PROBLEM DETAILS: Copy the data below exactly, omitting any picture it contains.

Start of GIVEN INFORMATION

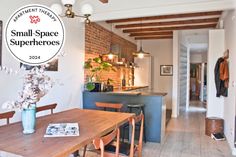 the small space has been converted into a dining room and kitchen area with brick walls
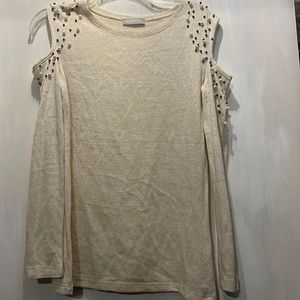 white cold shoulder beaded sweater.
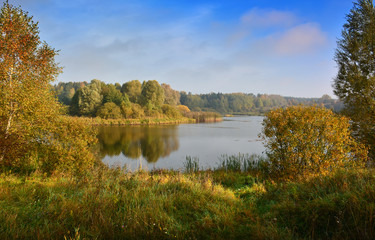 Foggy autumn lake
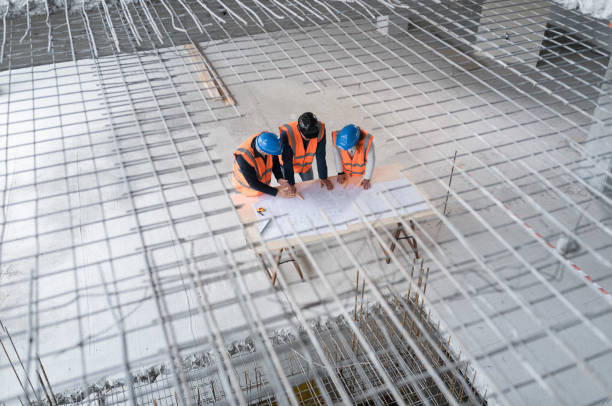 istock Foreman and forewoman discussing blueprint with architect 1192041851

End of GIVEN INFORMATION

RESPONSE AREA:
 the small space has been converted into a dining room and kitchen area with brick walls
 white cold shoulder beaded sweater.
 Foggy autumn lake
 istock Foreman and forewoman discussing blueprint with architect 1192041851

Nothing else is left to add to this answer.